• [What is required]
Look below for the line that contains "Here's the generic", then quote it and all the lines after it, exactly, with the pictures left out.

Start of Block

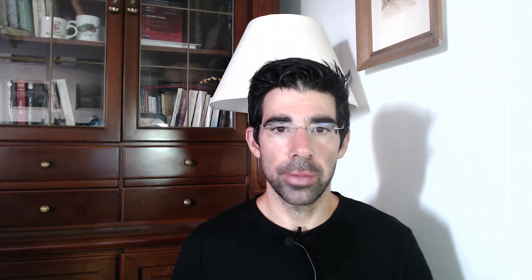Applications do not have direct access to the keys. Instead, users grant permissions for their own and third-party applications to use the keys as needed. Let's see what Microsoft says about the benefits of using Key Vault.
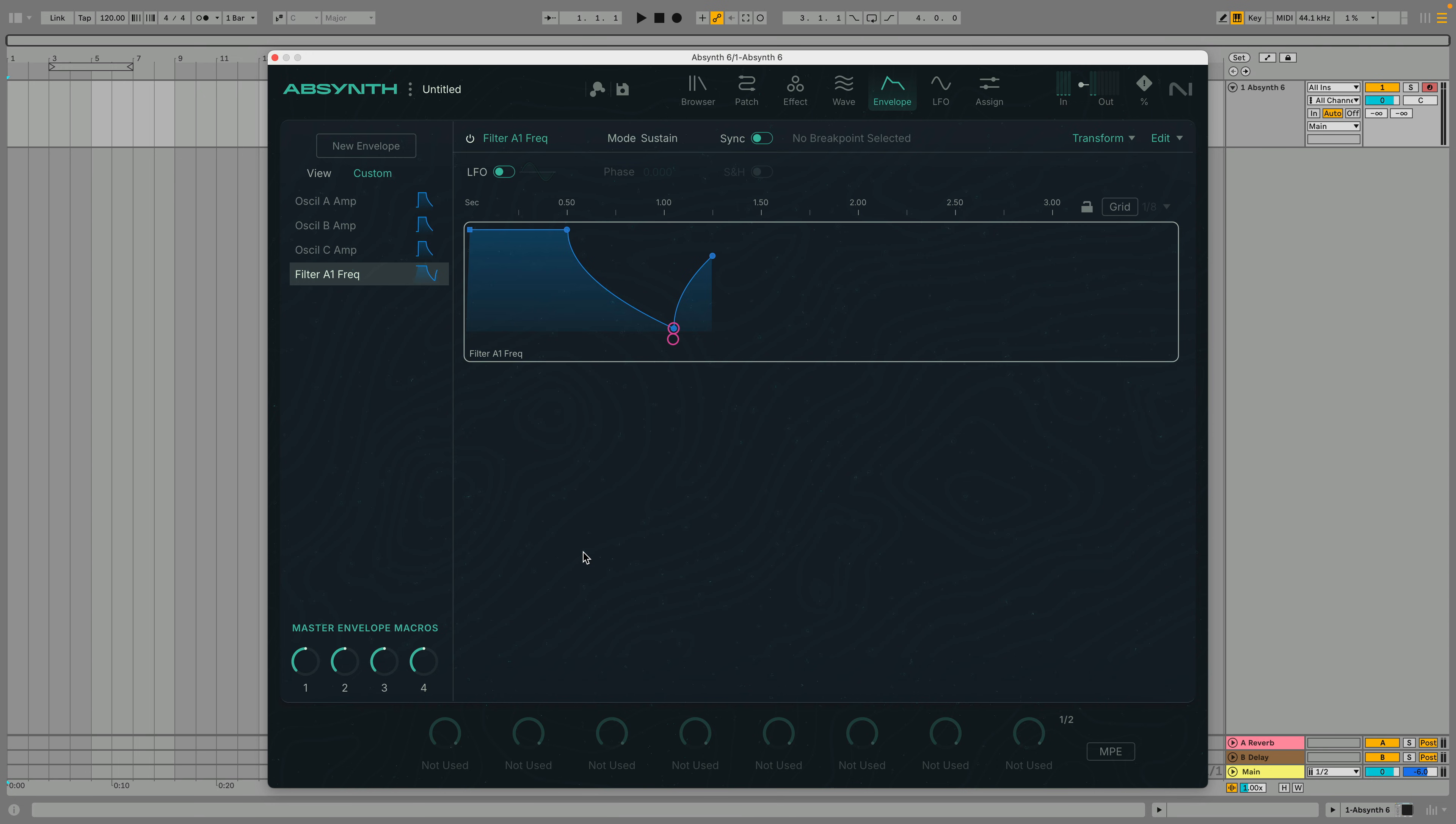We can also add or remove breakpoints by holding Command on macOS or Control on Windows and clicking the envelope.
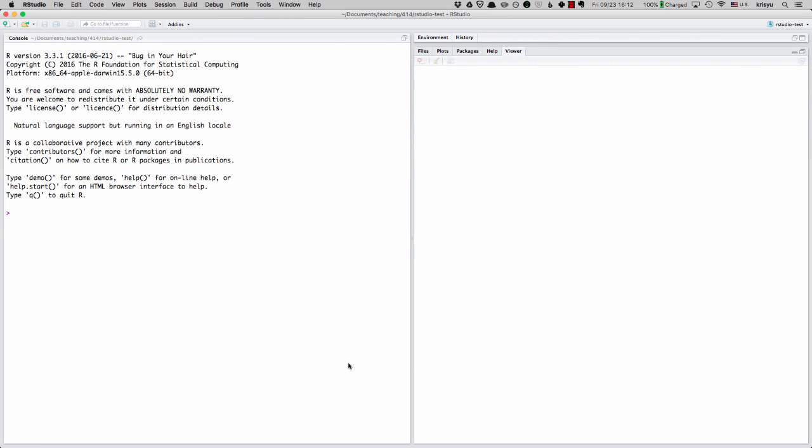Okay, so I have RStudio open here. You should see something like this when you have it open. Remember to follow along. So remember you downloaded R version 3.3.1, the most recent one, playfully called Bug in Your Hair.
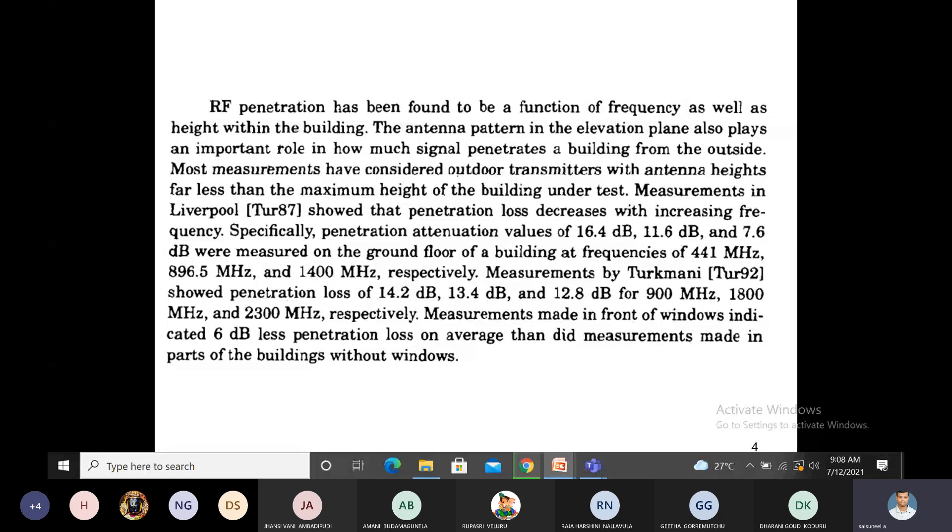For 900 megahertz, 14.2 dB. For 1800 megahertz, 13.4 dB. For 2300 megahertz, 12.8 dB losses. Different researchers check how much losses we get whenever the mobile unit is inside the building.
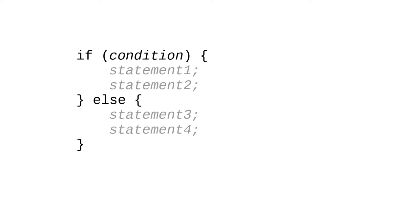Here's the generic model in Java. If some condition is true, we do one block of statements. Otherwise, the condition is false, and we do a different block of statements.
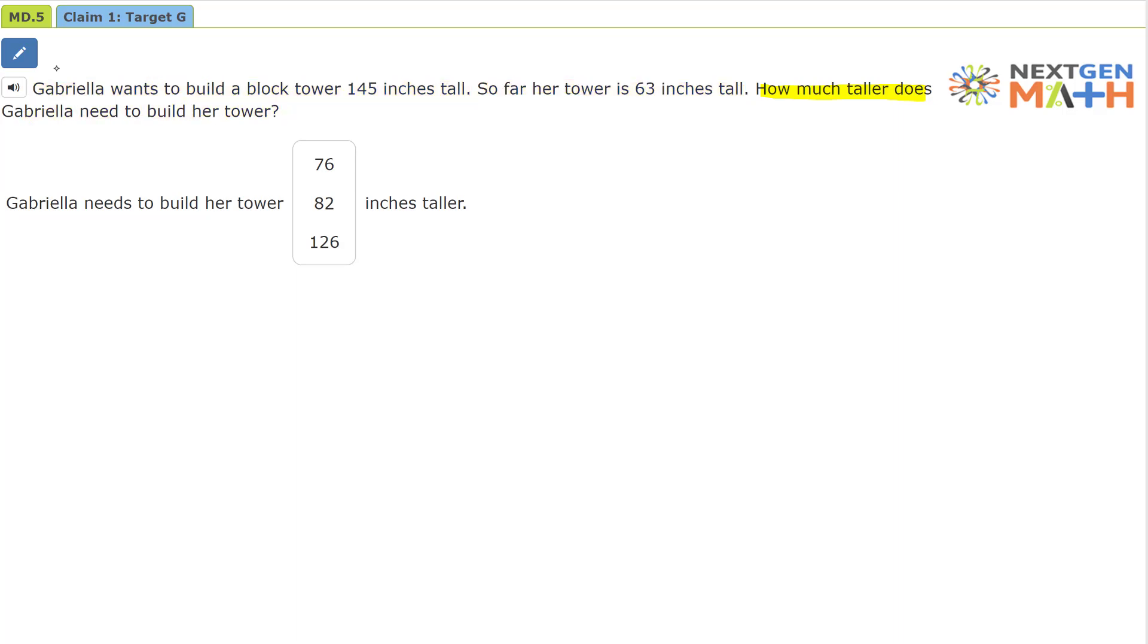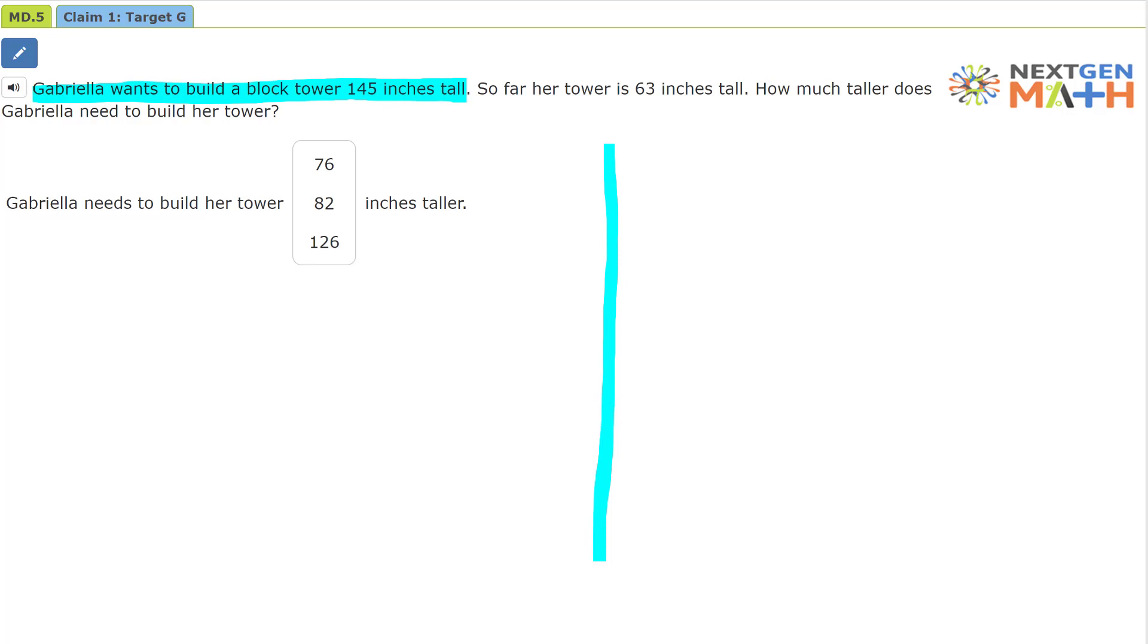So let's go ahead and reread this problem and draw the model so we can solve it. Gabrielle wants to build a block tower 145 inches tall. So we'll pretend like this is how tall she wants her tower to be, which is 145 inches.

End of Block

• [Result]
Here's the generic model in Java. If some condition is true, we do one block of statements. Otherwise, the condition is false, and we do a different block of statements.
So let's go ahead and reread this problem and draw the model so we can solve it. Gabrielle wants to build a block tower 145 inches tall. So we'll pretend like this is how tall she wants her tower to be, which is 145 inches.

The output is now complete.